Home > Tech > Content

Fundamentals of High-Performance Computing Hardware and Optimization

Tech Apr 23 18

Modern HPC Hardware and Algorithmic Concepts

Pipeline Hazards

Pipeline hazards constrain instruction-level parallelism.

Structural hazard: Occurs when multiple instructions compete for the same hardware unit (e.g., execution unit).
Data hazard: Arises when an instruction must wait for operands produced by earlier instructions.
Control hazard: Happens when the processor cannot determine the next instruction to fetch due to branches.

Branch Execution Cost

for (int idx = 0; idx < N; ++idx)
    arr[idx] = rand() % 100;
volatile int total;

for (int idx = 0; idx < N; ++idx)
    if (arr[idx] < 50)
        total += arr[idx];

Sample assembly:

    mov  rbx, -4000000
    jmp  loop_body
skip_inc:
    add  rbx, 4
    jz   done
loop_body:
    mov  eax, dword ptr [rbx + arr + 4000000]
    cmp  eax, 49
    jg   skip_inc
    add  dword ptr [rsp + 12], eax
    jmp  skip_inc

Cost contributors:

Control hazard every two cycles → ~19 CPU cycles per occurrence.
Memory load (mov eax, ...) → ~5 CPU cycles.
Store to volatile memory on taken branch → ~4 CPU cycles.

Varying the threshold:

for (int idx = 0; idx < N; ++idx)
    if (arr[idx] < limit)
        total += arr[idx];

At limit = 50, misprediction penalty is high (~14 cycles). At limit = 85–90, prediction errors cost less than execution time, producing a lower average cycle count.

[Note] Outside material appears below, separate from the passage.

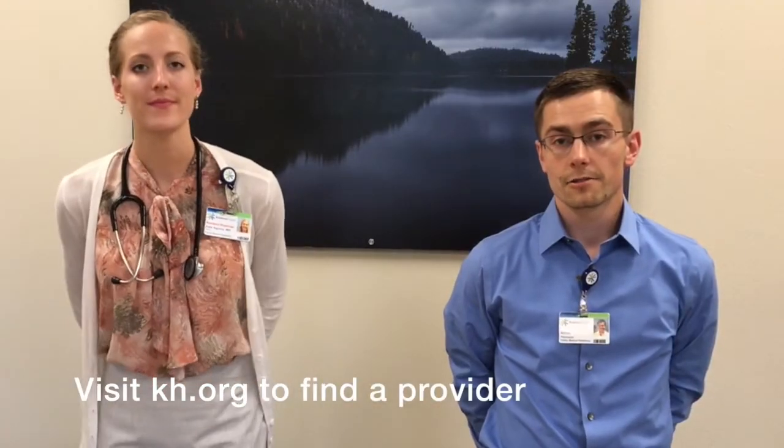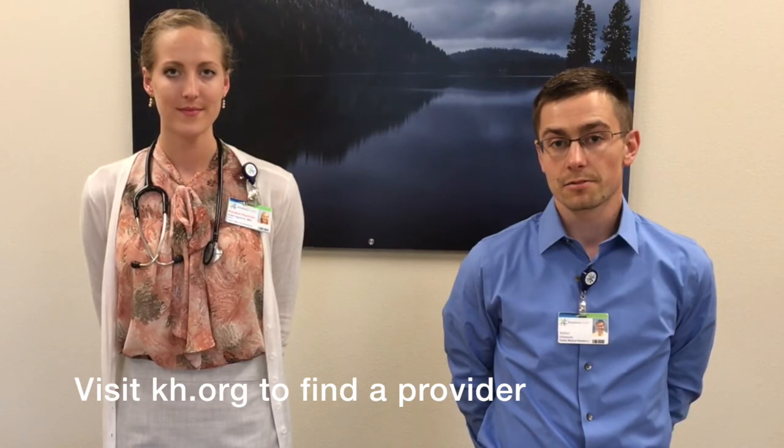If you have any additional questions about how to use your inhaler or spacers, please see the blog below. Or, speak to your doctor or pharmacist. Thanks for watching.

Sorting the array improves predictor accuracy:

std::sort(arr, arr + N);
for (int idx = 0; idx < N; ++idx)
    if (arr[idx] < 50)
        total += arr[idx];

Predictors recognize more complex patterns beyond alternating branches. For small N (e.g., 1000 unsorted), the predictor memorizes the sequence, achieving ~4 cycles per iteration — slightly better than sorted case due to fewer state transitoins.

Branch replacement via predicate (cmov):

for (int idx = 0; idx < N; ++idx)
    total += (arr[idx] < 50 ? arr[idx] : 0);

CPU Microarchitecture Details

Branch Prediction Unit (BPU)

In steady state, BPU steers instruction fetch. It holds a 12K-entry Branch Target Buffer (BTB) storing branch destinations and metadata. Each cycle it predicts direcsion and supplies the next fetch address.

Decoded Stream Buffer (DSB)

Also called μop cache. Stores pre-decoded macro-instructions to avoid repeated decode work. Parallel to L1 I-cache, checked upon each fetch address from BPU. Frequently used sequences hit here, supplying up to 8 μops/cycle from 4K entries.

Reorder Buffer (ROB)

Central to out-of-order execution with 512 entries. Functions:

Register renaming via Physical Register File (PRF) and Register Alias Table (RAT).
Resource allocation: assigns execution units and target registers, up to 6 μops/cycle.
Tracks speculative execution; retirement occurs in order, freeing ROB slots, up to 8 μops/cycle.

Scheduler / Reservation Station (RS)

Monitors operand readiness for μops and dispatches them when resources free. Fewer entries than ROB, dispatch rate up to 6 μops/cycle.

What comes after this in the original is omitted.